* [Assignment] Would you copy every record exactly as it stands and drop the pictures?

* [Material provided]
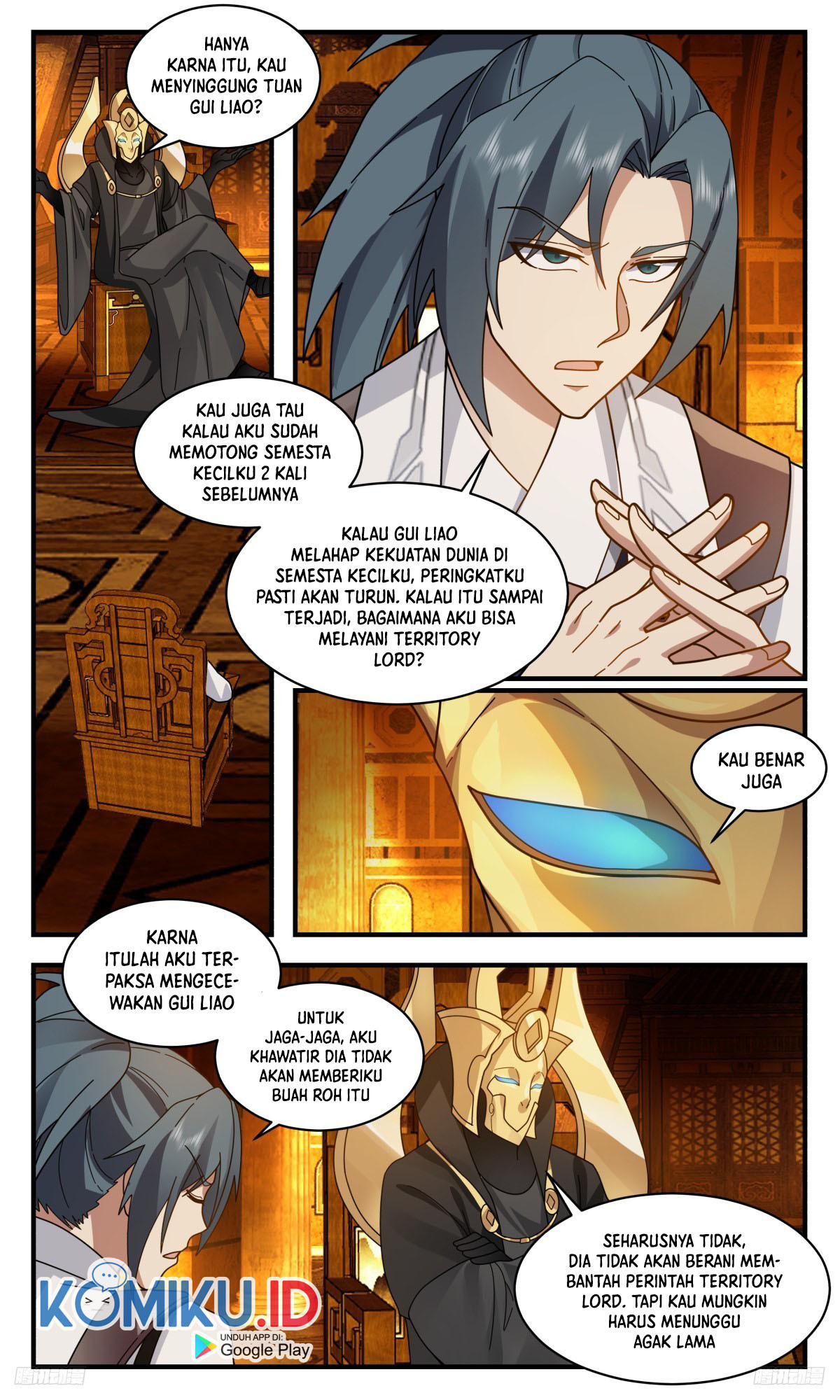 Martial Peak Part 2 Chapter 3120 - https://gambar-id.komiku.org/uploads2/2686433-6.jpg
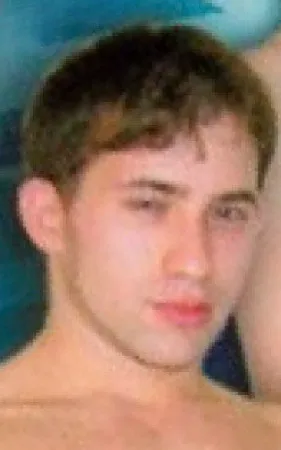 Nando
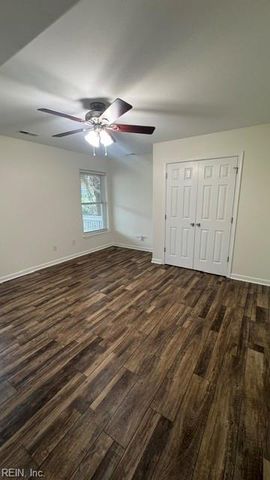 317 Caspian AVE, Virginia Beach, VA 23451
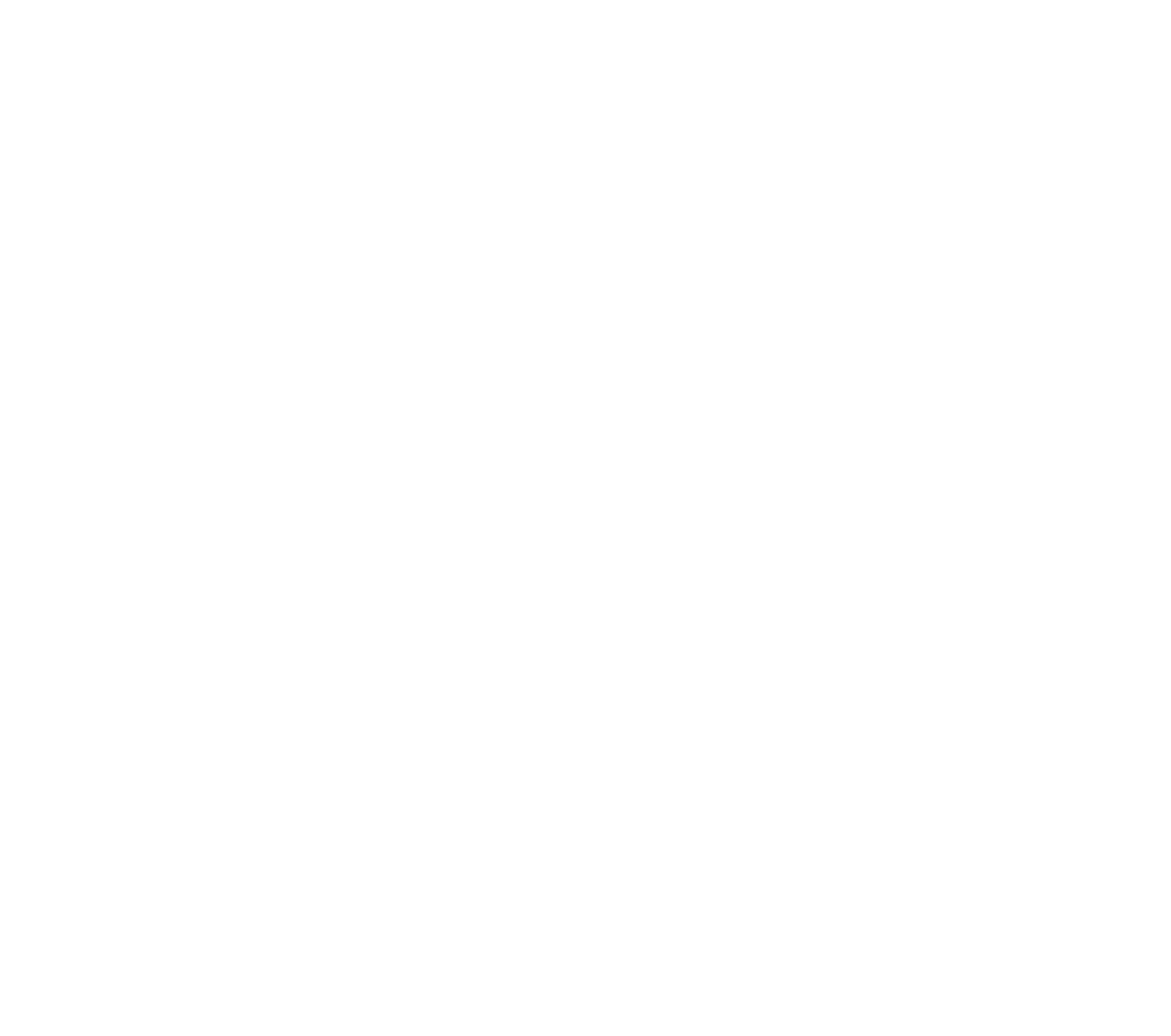 Skillsoft Logo für dunkle Hintergründe (transparentes PNG)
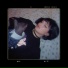 lil.xiu
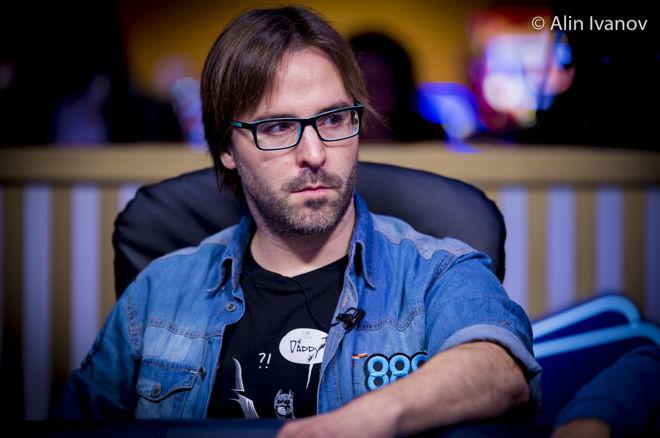 Martí Roca se cuela en el six-handed que decidirá el título del Main Event de las World Series Europa 2017 0001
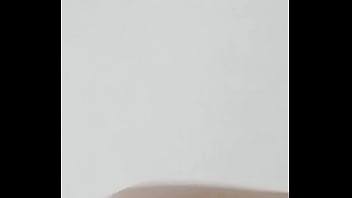 Pakistani Xnxxx Big Ass Porn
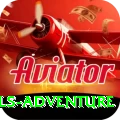 jaintia hills adventure Games (Casino & Earning) Max v3.9.1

* [Exercise output]
 Martial Peak Part 2 Chapter 3120 - https://gambar-id.komiku.org/uploads2/2686433-6.jpg
 Nando
 317 Caspian AVE, Virginia Beach, VA 23451
 Skillsoft Logo für dunkle Hintergründe (transparentes PNG)
 lil.xiu
 Martí Roca se cuela en el six-handed que decidirá el título del Main Event de las World Series Europa 2017 0001
 Pakistani Xnxxx Big Ass Porn
 jaintia hills adventure Games (Casino & Earning) Max v3.9.1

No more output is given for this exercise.